**Work item:** Repeat the lines of the data exactly and exclude any picture among them.

▼▼▼

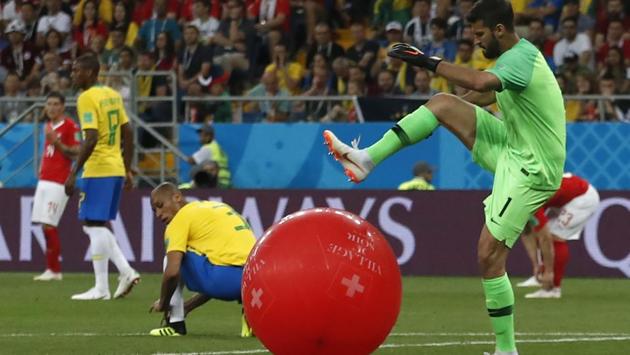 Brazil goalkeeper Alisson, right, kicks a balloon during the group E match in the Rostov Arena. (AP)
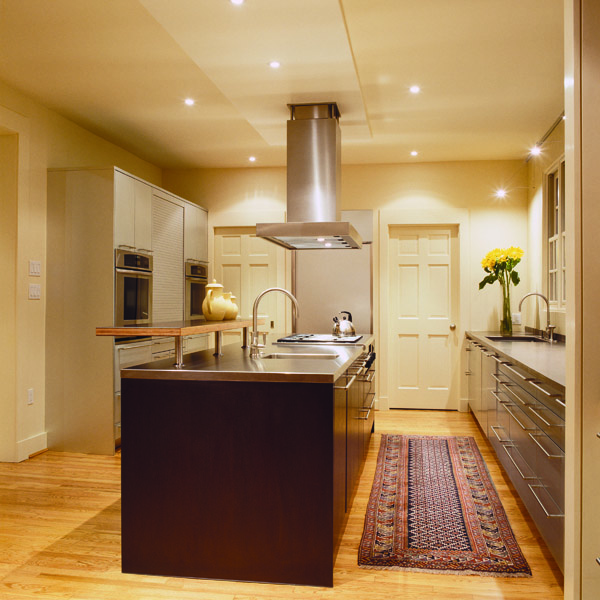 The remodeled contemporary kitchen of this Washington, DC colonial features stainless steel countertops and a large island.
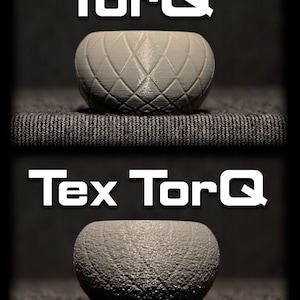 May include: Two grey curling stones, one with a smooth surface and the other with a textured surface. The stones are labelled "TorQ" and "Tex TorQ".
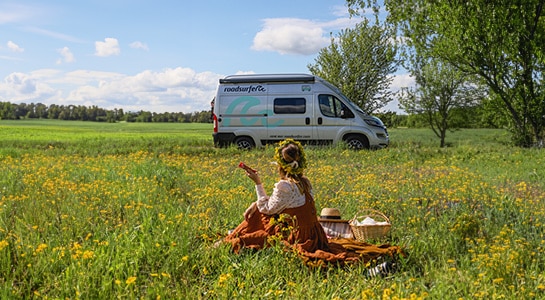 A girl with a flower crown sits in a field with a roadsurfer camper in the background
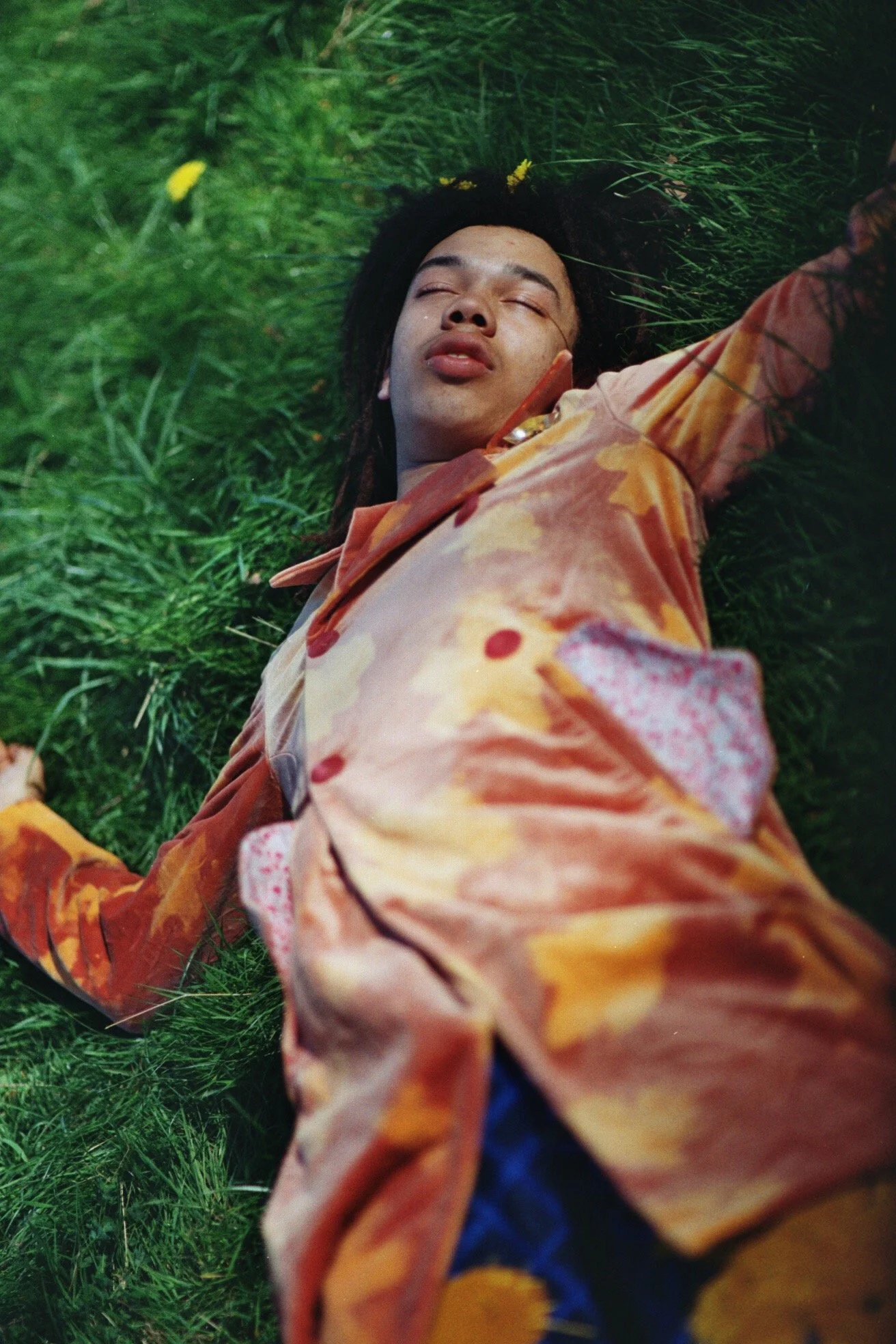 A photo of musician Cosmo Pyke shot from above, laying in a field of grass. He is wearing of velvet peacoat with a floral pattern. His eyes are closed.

▲▲▲

**Exercise result:**
 Brazil goalkeeper Alisson, right, kicks a balloon during the group E match in the Rostov Arena. (AP)
 The remodeled contemporary kitchen of this Washington, DC colonial features stainless steel countertops and a large island.
 May include: Two grey curling stones, one with a smooth surface and the other with a textured surface. The stones are labelled "TorQ" and "Tex TorQ".
 A girl with a flower crown sits in a field with a roadsurfer camper in the background
 A photo of musician Cosmo Pyke shot from above, laying in a field of grass. He is wearing of velvet peacoat with a floral pattern. His eyes are closed.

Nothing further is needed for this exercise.